Critical structural fact (exam trap): for $K$ -class gradient boosting, you fit $K$ trees per iteration $m$ — one per class, each fit to its own gradient ${- g_{ik m}}_{i = 1}^{N}$ . The class probabilities are aggregated by softmax across the $K$ tree ensembles. This is what ISLP’s “the details are omitted here” was hiding.

4.7 Insight: gradient = “residual generalized”

The unifying observation: for squared error the negative gradient is the residual $y - f$ ; for binomial deviance it’s $y - p$ (the “indicator minus probability”); for exponential loss it’s a re-weighting; for multinomial deviance it’s the per-class indicator-minus-probability. Same algorithm, same step structure, different gradients.

5. Hyperparameters: the three-ingredients / four-hyperparameters rubric

L20, gradient-boosting, weak-learner-and-learning-rate; Exercise 9.2, 9.3

ISLP §8.2.3 lists three tuning parameters ( $B$ , $λ$ , $d$ ) at high level. The prof reorganizes this as the explicit exam-flagged rubric. Exercise 9.2 literally asks Anders to explain $L$ , $f_{m}$ , $M$ , $J_{m}$ in Algorithm 10.3 — the abstract objects that don’t appear in Algorithm 8.2.

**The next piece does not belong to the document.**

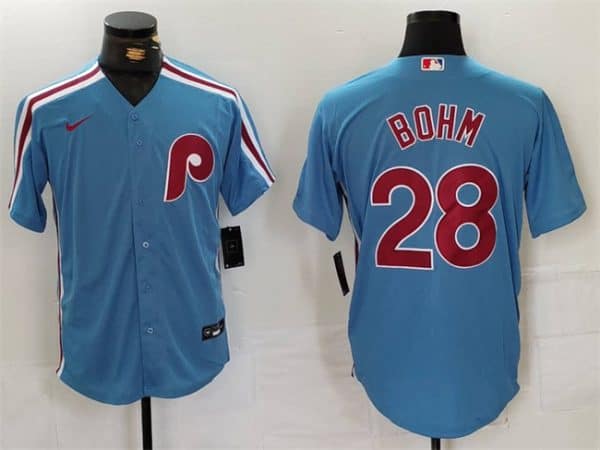Philadelphia Phillies #28 Alec Bohm Blue Cool Base Stitched Jersey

5.1 Three ingredients of gradient boosting

Weak learners — small trees with $4 \leq J \leq 8$ leaves typically; each does barely better than random.
A loss function $L (y, f)$ — any differentiable choice (§4).
An additive way to combine them — sum of trees with shrinkage:

f_{M} (x) = m = 1 \sum M ν \cdot T (x; Θ_{m}) .

5.2 Four hyperparameters

Tree-level (weak-learner) hyperparameters:

(a) Tree depth $d$ or equivalently number of leaves $J = d + 1$ . ISLP’s interaction.depth = d parameter; off-by-one with $J$ . Typical $4 \leq J \leq 8$ . Same depth across all trees in the modern norm; historically people grew big and pruned but “they realized it didn’t help as much as they wanted” — L20.

(b) Minimum observations per terminal node. So each leaf has enough samples for a stable mean / majority vote. Less critical when $N$ is large.

Boosting-level (additive-model) hyperparameters:

(c) Number of trees $M$ (= ISLP’s $B$ ). A real tuning parameter here, unlike in RF. Too small → underfit; too large → ensemble fits noise.

(d) Learning rate $ν$ (= ISLP’s $λ$ ; also written $η$ ). Empirical rule $ν \leq 0.1$ . Enters Algorithm 10.3 step 2(d) by multiplying the per-tree update.

5.3 The interaction-order rule (depth → interaction order)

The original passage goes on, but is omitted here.